- **Data for this task**
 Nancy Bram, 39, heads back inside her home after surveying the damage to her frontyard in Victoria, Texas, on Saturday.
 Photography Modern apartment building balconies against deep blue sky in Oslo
==
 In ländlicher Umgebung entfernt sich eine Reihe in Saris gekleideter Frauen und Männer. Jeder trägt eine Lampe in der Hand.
---
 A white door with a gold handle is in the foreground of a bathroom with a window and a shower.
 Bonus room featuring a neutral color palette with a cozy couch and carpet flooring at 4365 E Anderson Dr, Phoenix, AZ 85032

- **Your goal**
Pull every line holding "with" out of the records.

- **Exercise solution**
 A white door with a gold handle is in the foreground of a bathroom with a window and a shower.
 Bonus room featuring a neutral color palette with a cozy couch and carpet flooring at 4365 E Anderson Dr, Phoenix, AZ 85032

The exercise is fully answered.